**DESCRIPTION OF THE TASK:**
Up to and including the line with "PURPLE Men Streetwear", output the records exactly as they appear.

**INPUT:**
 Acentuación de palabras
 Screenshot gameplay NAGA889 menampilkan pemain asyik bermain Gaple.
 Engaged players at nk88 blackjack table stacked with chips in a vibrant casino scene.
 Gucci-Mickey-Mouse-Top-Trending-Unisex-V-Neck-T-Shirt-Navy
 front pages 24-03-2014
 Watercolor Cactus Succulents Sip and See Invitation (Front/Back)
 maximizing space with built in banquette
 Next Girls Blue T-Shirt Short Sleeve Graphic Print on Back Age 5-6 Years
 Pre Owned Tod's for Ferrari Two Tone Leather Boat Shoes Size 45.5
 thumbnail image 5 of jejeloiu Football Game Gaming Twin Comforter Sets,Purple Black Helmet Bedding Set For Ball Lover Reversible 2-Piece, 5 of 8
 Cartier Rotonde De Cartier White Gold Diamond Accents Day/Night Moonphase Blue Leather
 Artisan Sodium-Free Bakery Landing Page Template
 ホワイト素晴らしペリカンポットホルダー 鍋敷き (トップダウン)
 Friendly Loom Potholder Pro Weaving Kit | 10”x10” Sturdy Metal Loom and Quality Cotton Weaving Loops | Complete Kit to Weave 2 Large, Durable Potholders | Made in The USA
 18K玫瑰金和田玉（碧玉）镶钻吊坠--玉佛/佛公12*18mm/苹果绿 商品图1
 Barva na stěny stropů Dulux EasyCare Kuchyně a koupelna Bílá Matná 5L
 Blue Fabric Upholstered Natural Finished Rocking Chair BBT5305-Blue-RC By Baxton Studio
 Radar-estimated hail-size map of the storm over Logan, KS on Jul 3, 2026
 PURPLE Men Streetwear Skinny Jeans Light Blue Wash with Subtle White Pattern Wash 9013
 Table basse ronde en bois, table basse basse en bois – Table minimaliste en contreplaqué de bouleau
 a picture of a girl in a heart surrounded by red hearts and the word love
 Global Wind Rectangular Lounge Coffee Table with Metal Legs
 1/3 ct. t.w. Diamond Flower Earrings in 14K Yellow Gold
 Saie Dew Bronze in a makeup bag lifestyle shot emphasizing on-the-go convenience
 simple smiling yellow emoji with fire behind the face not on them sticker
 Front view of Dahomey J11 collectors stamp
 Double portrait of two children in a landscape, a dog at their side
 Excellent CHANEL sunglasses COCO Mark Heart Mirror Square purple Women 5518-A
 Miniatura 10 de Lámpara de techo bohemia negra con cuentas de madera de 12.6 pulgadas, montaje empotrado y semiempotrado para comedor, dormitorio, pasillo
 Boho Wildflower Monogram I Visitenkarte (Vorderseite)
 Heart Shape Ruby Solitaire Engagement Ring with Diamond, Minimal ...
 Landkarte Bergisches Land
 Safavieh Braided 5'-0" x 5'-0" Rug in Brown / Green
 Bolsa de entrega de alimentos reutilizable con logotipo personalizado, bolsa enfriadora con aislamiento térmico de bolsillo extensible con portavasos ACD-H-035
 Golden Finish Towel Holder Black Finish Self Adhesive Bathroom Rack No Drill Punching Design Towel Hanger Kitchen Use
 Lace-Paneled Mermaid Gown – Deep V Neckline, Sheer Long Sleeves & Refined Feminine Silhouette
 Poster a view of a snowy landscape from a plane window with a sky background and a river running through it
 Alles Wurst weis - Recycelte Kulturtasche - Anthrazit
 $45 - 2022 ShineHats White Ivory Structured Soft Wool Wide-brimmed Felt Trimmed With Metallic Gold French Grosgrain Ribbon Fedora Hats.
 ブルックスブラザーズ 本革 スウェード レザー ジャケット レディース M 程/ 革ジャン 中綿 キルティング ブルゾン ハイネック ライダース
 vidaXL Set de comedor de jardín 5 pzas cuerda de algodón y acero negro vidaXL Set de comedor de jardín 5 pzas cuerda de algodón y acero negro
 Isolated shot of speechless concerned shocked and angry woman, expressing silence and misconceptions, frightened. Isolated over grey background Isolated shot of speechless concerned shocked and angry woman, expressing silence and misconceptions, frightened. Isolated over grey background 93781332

**EXERCISE RESULT:**
 Acentuación de palabras
 Screenshot gameplay NAGA889 menampilkan pemain asyik bermain Gaple.
 Engaged players at nk88 blackjack table stacked with chips in a vibrant casino scene.
 Gucci-Mickey-Mouse-Top-Trending-Unisex-V-Neck-T-Shirt-Navy
 front pages 24-03-2014
 Watercolor Cactus Succulents Sip and See Invitation (Front/Back)
 maximizing space with built in banquette
 Next Girls Blue T-Shirt Short Sleeve Graphic Print on Back Age 5-6 Years
 Pre Owned Tod's for Ferrari Two Tone Leather Boat Shoes Size 45.5
 thumbnail image 5 of jejeloiu Football Game Gaming Twin Comforter Sets,Purple Black Helmet Bedding Set For Ball Lover Reversible 2-Piece, 5 of 8
 Cartier Rotonde De Cartier White Gold Diamond Accents Day/Night Moonphase Blue Leather
 Artisan Sodium-Free Bakery Landing Page Template
 ホワイト素晴らしペリカンポットホルダー 鍋敷き (トップダウン)
 Friendly Loom Potholder Pro Weaving Kit | 10”x10” Sturdy Metal Loom and Quality Cotton Weaving Loops | Complete Kit to Weave 2 Large, Durable Potholders | Made in The USA
 18K玫瑰金和田玉（碧玉）镶钻吊坠--玉佛/佛公12*18mm/苹果绿 商品图1
 Barva na stěny stropů Dulux EasyCare Kuchyně a koupelna Bílá Matná 5L
 Blue Fabric Upholstered Natural Finished Rocking Chair BBT5305-Blue-RC By Baxton Studio
 Radar-estimated hail-size map of the storm over Logan, KS on Jul 3, 2026
 PURPLE Men Streetwear Skinny Jeans Light Blue Wash with Subtle White Pattern Wash 9013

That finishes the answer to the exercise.